## [WHAT THE TASK REQUIRES]
Please print the full listing below exactly, but not the pictures in it.

## [COLLECTED DATA]

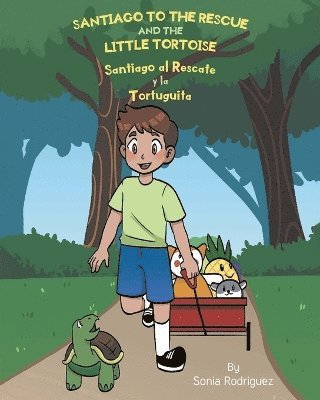 bokomslag Santiago to the Rescue and the Little Tortoise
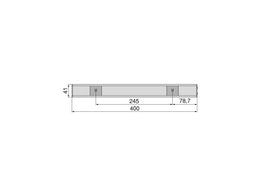 Emuca Kaus LED Light With Motion Sensor (Rechargeable)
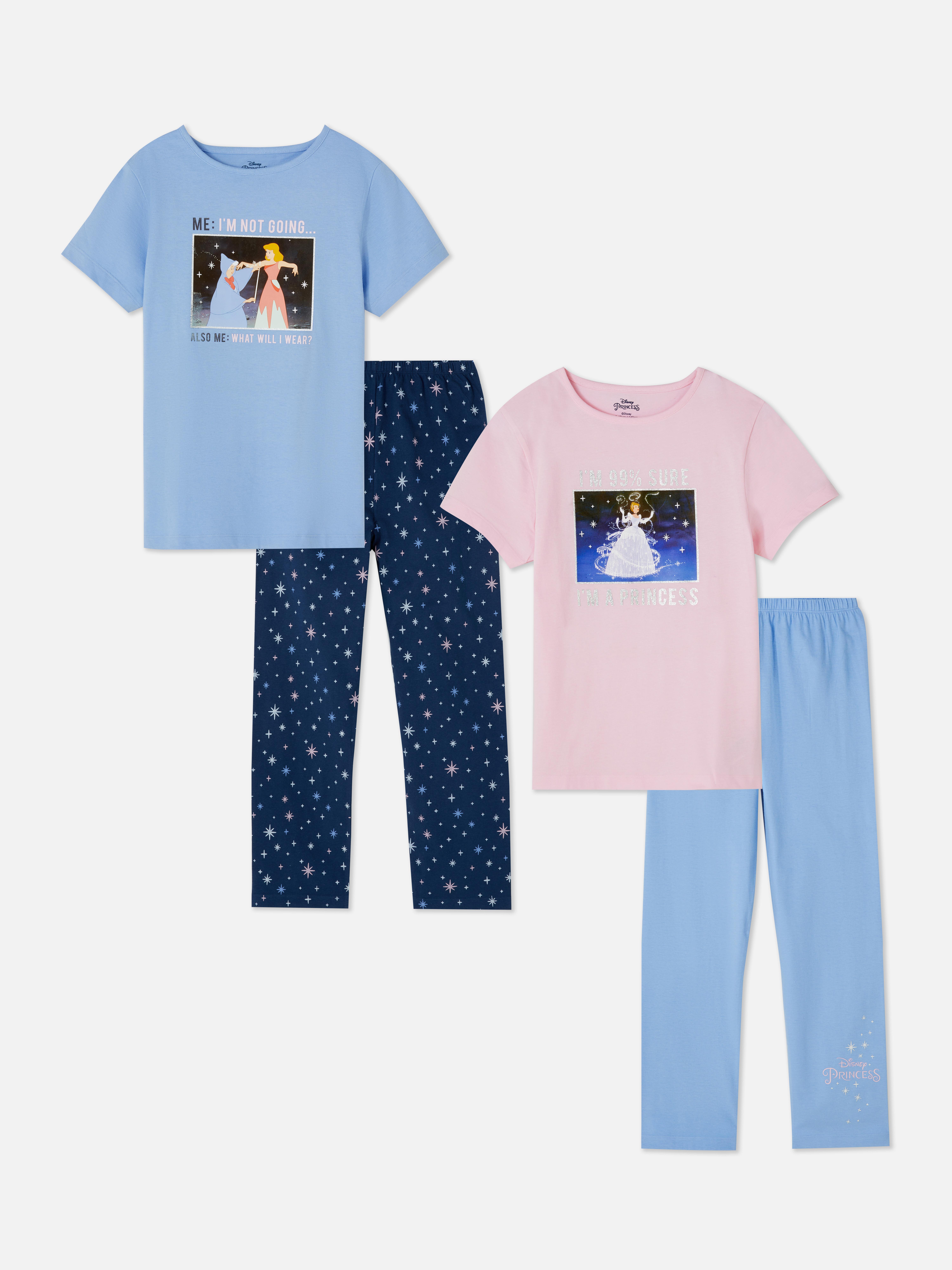Disney's Cotton Pyjama Matching Set
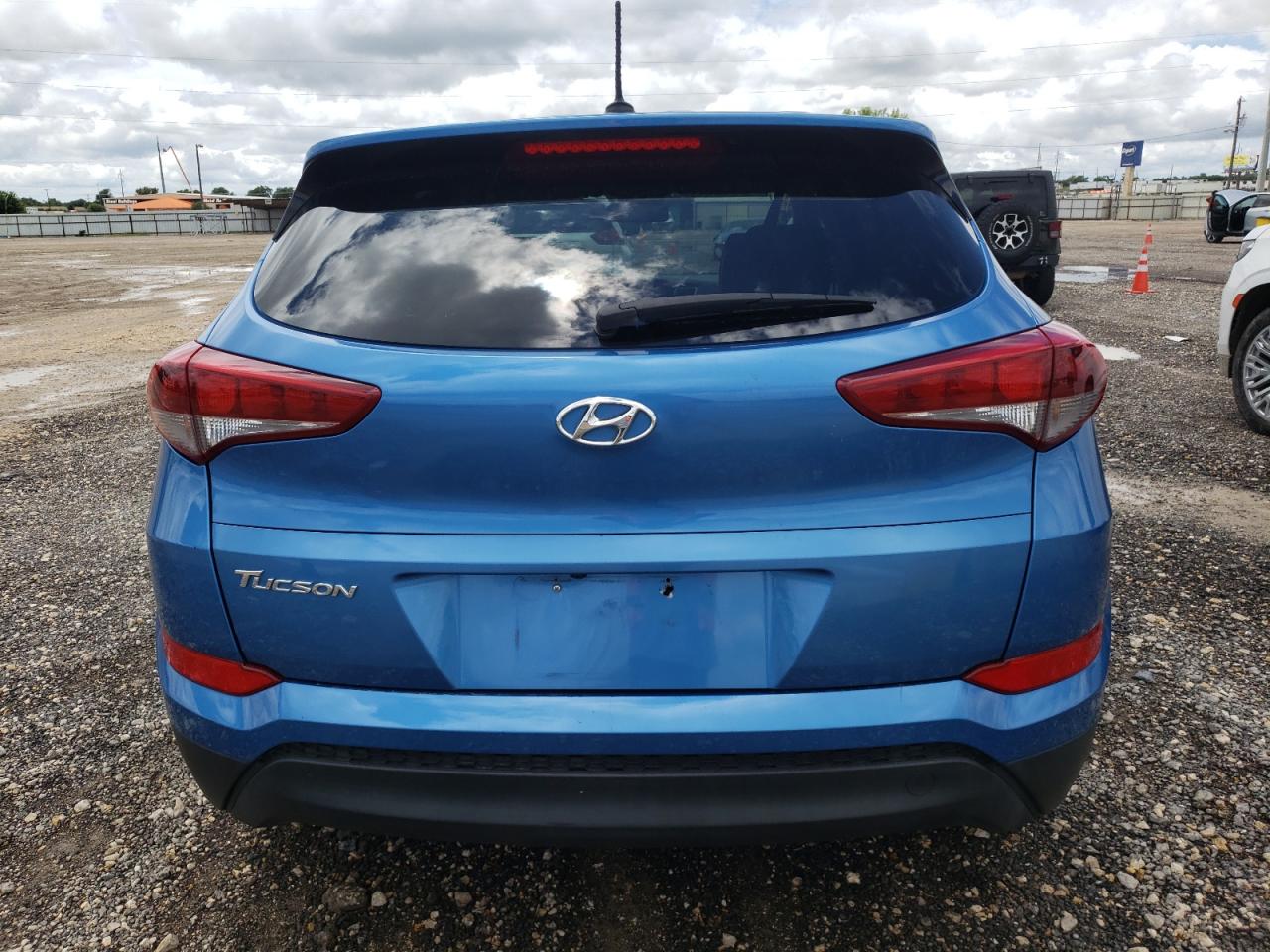 2016 Hyundai Tucson Se vin: KM8J23A49GU033613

## [SOLUTION TO THIS PROBLEM]
 bokomslag Santiago to the Rescue and the Little Tortoise
 Emuca Kaus LED Light With Motion Sensor (Rechargeable)
Disney's Cotton Pyjama Matching Set
 2016 Hyundai Tucson Se vin: KM8J23A49GU033613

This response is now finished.